While the foregoing is directed to the preferred embodiment of the present invention, it will be understood by those skilled in the art that various changes and modifications may be made without departing from the spirit and scope of the invention.

Claims

1. A multiband harmonic wave recording starting circuit is characterized in that the multiband harmonic wave recording starting circuit is provided with a signal input end for inputting analog quantity voltage signals of different frequency bands in a power grid and a signal output end for outputting starting harmonic wave recording signals;

2. The multiband harmonic recording start circuit according to claim 1, wherein the filter module is composed of at least one low-pass filter, at least two band-pass filters, and at least one high-pass filter;

3. The multiband harmonic recording start circuit according to claim 2, wherein the full-wave precision rectification module comprises at least four full-wave precision rectification circuits;

4. The multiband harmonic recording start circuit according to claim 3, wherein the integral comparison module comprises at least four voltage integration circuits and at least four voltage comparison circuits;

5. The multiband harmonic recording start circuit of claim 3, wherein the low pass filter is an LTC1069-1 low pass switched capacitor filter, the band pass filter is an LTC1067 common switched capacitor filter, and the high pass filter is an LTC-1067-50 common switched capacitor filter.

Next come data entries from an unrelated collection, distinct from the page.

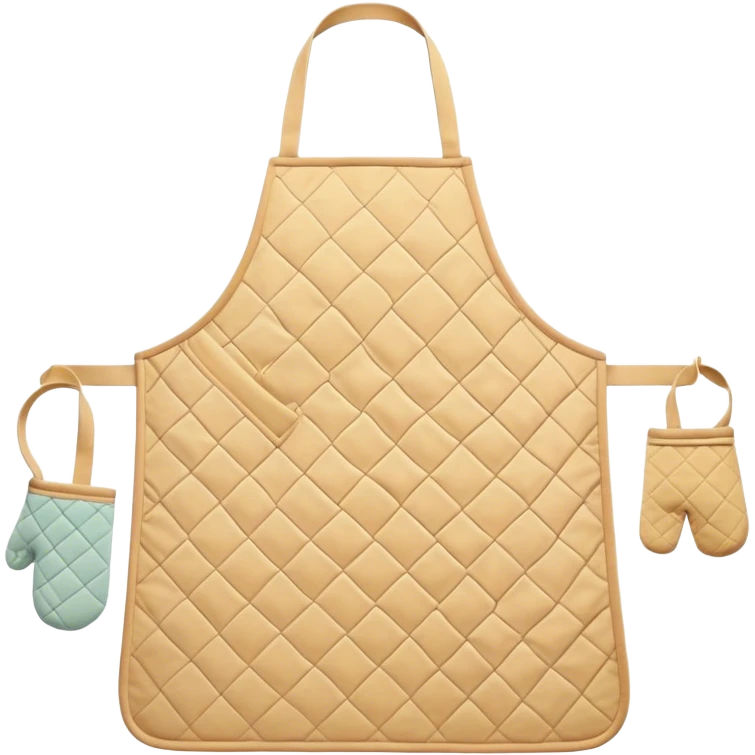 Cinematic Realistic Apron & Oven Mitts, a neatly folded soft pastel apron with subtle fabric textures, resting next to thickly padded oven mitts with a quilted pattern, warm golden kitchen lighting reflecting off the fabrics, evoking a sense of homely warmth and culinary creativity. emoji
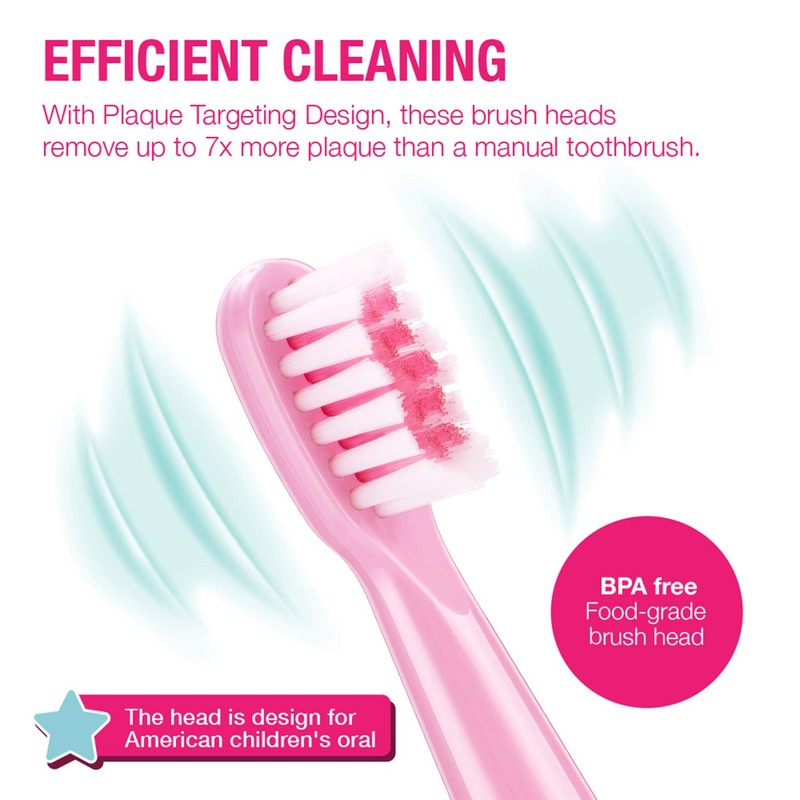 Vekkia Sonic Kids Electric Toothbrush Replacement Heads - 7X More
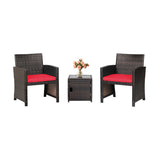 3 Pieces Patio Wicker Furniture Set with Storage Table and Protective Cover-Red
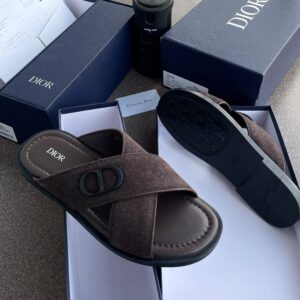 Alternative view of Premium Men's "CD" Cross-Strap Brown Suede Slide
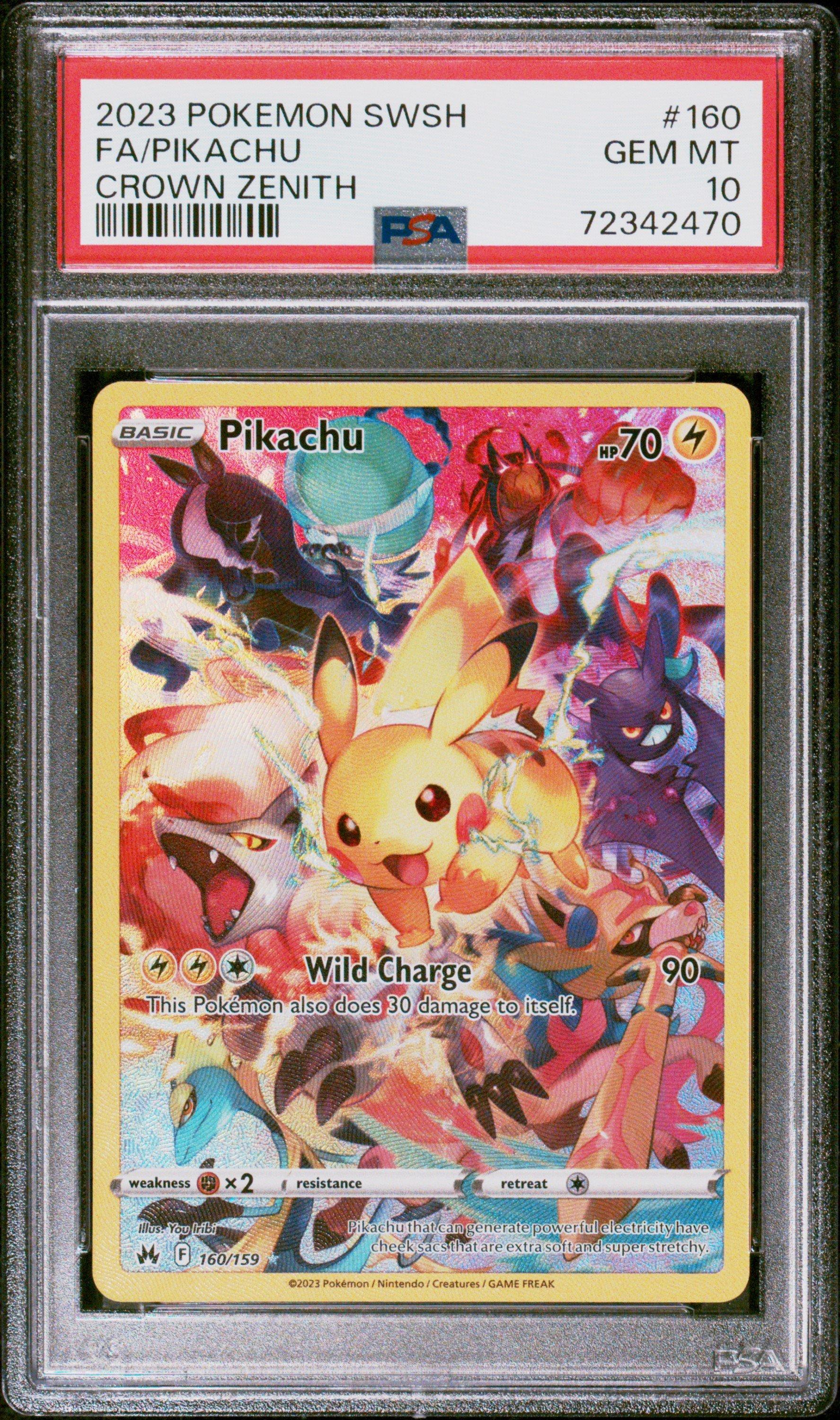 pokemon cards crown zenith pikachu 2023 Pokemon Sword And Shield Crown Zenith 160 Full Art/pikachu PSA 10  Graded Card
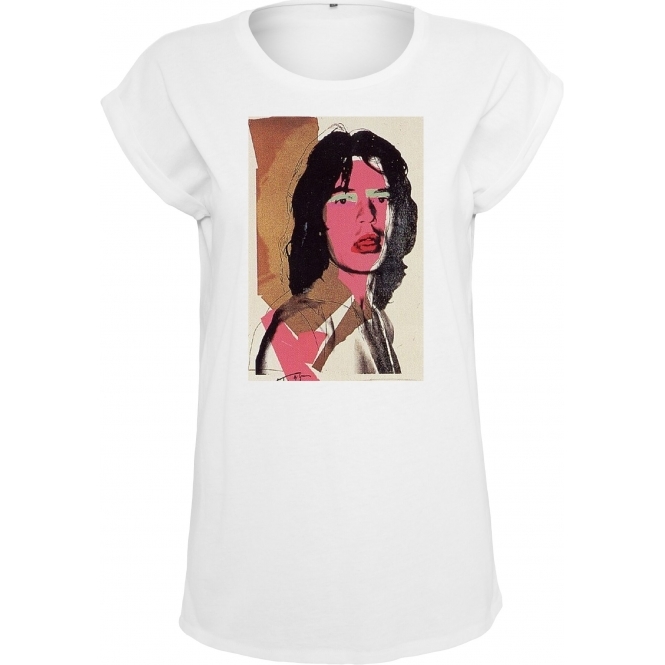 Mick Jagger (Andy Warhol Influenced) Womens Extended Shoulder T-Shirt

6. The multiband harmonic recording start circuit according to claim 3, wherein the full-wave precision rectification circuit comprises a first operational amplifier, a second operational amplifier, a first resistor, a second resistor, a third resistor, a fourth resistor, a fifth resistor, a sixth resistor, a seventh resistor, a first diode, and a second diode;

7. The multiband harmonic recording start circuit according to claim 4, wherein the voltage integration circuit comprises a third operational amplifier, an eighth resistor, a ninth resistor, and a first capacitor;

8. The multiband harmonic recording start circuit according to claim 4, wherein the voltage comparison circuit includes a fourth operational amplifier, a tenth resistor, an eleventh resistor, and a twelfth resistor;

9. The multiband harmonic recording start circuit according to any one of claims 6 to 8, wherein the first operational amplifier, the second operational amplifier, the third operational amplifier and the fourth operational amplifier are OP285 operational amplifiers.